§ Brief: Print all records exactly, pictures left out.

Dataset content section start

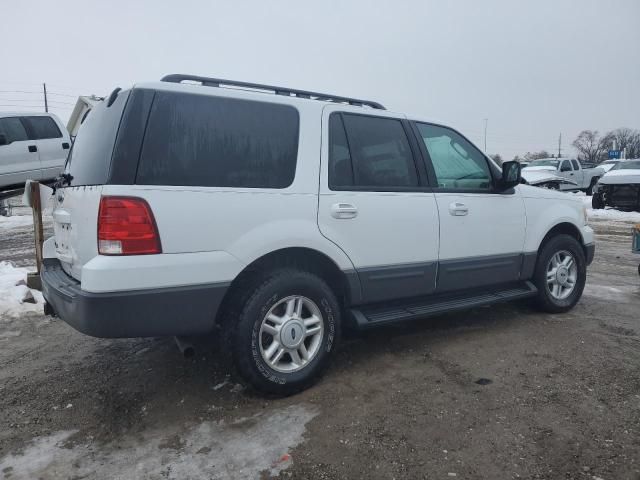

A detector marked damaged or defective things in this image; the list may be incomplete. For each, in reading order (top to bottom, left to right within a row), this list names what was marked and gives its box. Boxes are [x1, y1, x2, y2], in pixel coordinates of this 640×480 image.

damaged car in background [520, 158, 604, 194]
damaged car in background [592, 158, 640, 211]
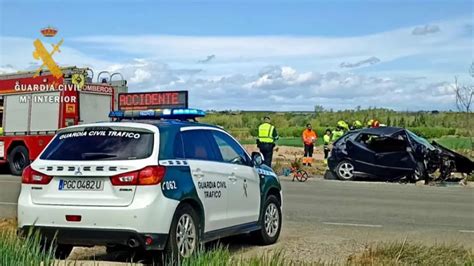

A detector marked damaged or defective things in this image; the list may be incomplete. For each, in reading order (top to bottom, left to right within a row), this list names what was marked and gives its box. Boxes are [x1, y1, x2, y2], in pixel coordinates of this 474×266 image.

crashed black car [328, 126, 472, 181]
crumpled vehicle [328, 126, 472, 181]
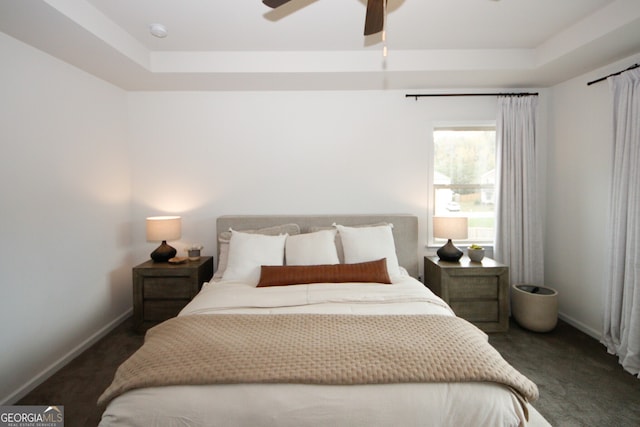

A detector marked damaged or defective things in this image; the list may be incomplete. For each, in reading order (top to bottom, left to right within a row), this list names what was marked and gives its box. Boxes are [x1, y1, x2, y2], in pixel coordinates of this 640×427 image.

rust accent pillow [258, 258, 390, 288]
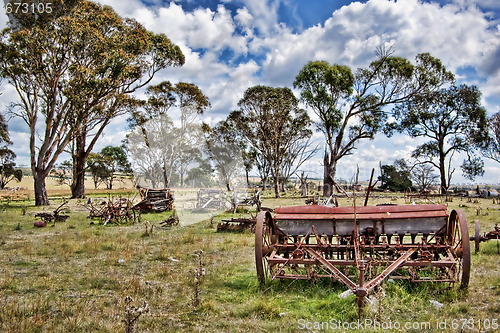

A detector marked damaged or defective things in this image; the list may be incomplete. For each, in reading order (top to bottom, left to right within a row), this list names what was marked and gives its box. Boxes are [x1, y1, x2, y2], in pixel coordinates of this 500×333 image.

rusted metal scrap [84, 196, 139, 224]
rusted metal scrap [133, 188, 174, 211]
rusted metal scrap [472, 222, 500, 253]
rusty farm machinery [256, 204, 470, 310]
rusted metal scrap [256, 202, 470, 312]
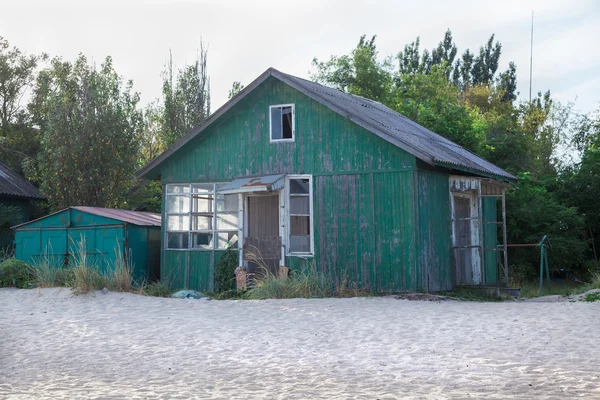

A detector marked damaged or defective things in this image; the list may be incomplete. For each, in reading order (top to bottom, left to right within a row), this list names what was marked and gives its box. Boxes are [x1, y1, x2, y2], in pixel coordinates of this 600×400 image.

Dataset content section end

§ Answer space:
A detector marked damaged or defective things in this image; the list may be incomplete. For each, in reading order (top to bottom, left to right within a row), this list names what was marked and gives its box. Boxes are [x1, y1, x2, y2], in pixel coordinates of this 640×480 image.

damaged car in background [520, 158, 604, 194]
damaged car in background [592, 158, 640, 211]

A detector marked damaged or defective things in this image; the list may be incomplete. For each, in reading order (top to bottom, left to right within a row), this list names what was marked and gives its box. Boxes are [x1, y1, x2, y2], in pixel coordinates of this 474×266 image.

crashed black car [328, 126, 472, 181]
crumpled vehicle [328, 126, 472, 181]

A detector marked damaged or defective things in this image; the list may be incomplete. For each, in reading order (top to bottom, left to right within a row), this list names what was marked and gives its box. Boxes are [x1, y1, x2, y2], in pixel coordinates of this 640×427 image.

rust accent pillow [258, 258, 390, 288]

A detector marked damaged or defective things in this image; the list may be incomplete. For each, in reading order (top to bottom, left to right within a row), this list names what was marked and gives its box. Boxes are [x1, y1, x2, y2], in pixel coordinates of this 500×333 image.

rusted metal scrap [84, 196, 139, 224]
rusted metal scrap [133, 188, 174, 211]
rusted metal scrap [472, 222, 500, 253]
rusty farm machinery [256, 204, 470, 310]
rusted metal scrap [256, 202, 470, 312]

A detector marked damaged or defective things in this image; the list may be incomplete. For each, in reading order (top to bottom, left to right within a row), this list names what was marked and gives its box. Boxes are [x1, y1, x2, y2], in pixel coordinates of this 600×400 image.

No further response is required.